(1)増える障害者雇用の現場には、高い離職率や平均給与などいくつものハードルがある
もちろん、公的機関の雇用も同様で前年より4~5%増と着実に伸びていることが分かります。
とはいえ、冒頭で紹介したように、障害者雇用の現場にはいくつものハードルがあるのも事実です。その一つが、離職率の高さといわれています。
転職を10回経験したことがあるYさん(39歳)は、自分の体験を交えてこう話します。
「障害者雇用と一口にいっても、身体障害者と精神障害者とではだいぶ違います。

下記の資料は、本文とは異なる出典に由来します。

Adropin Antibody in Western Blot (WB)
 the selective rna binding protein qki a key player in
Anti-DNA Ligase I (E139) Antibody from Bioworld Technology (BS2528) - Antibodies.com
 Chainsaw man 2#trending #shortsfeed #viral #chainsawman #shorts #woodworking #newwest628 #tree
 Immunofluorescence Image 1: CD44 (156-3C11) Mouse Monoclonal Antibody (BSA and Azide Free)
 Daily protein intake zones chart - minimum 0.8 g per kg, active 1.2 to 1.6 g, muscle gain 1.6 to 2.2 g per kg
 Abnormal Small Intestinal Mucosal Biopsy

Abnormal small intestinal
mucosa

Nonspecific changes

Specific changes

身体障害者は長く働いている人が多いのに対し、僕のような精神障害者は、職場の人間関係や環境によって精神的に不安定になりやすく、会社を休みがちになり、短期間で辞める人が多いのです」
事実、身体障害者の平均勤続年数は12年2カ月と一般の労働者と変わりませんが、精神障害者は5年3カ月、発達障害者は5年1カ月と、大きな差があるのです(令和5年度「障害者雇用実態調査」)。
さらに、平均給与の低さも早期離職の一因とされています。
都内の情報関連会社に勤務する40代の男性は「障害者雇用は収入が少ないため、親と同居せざるを得ない」と厳しい実情を話してくれました。物価の高い都内では経済的な自立は至難の業だそうです。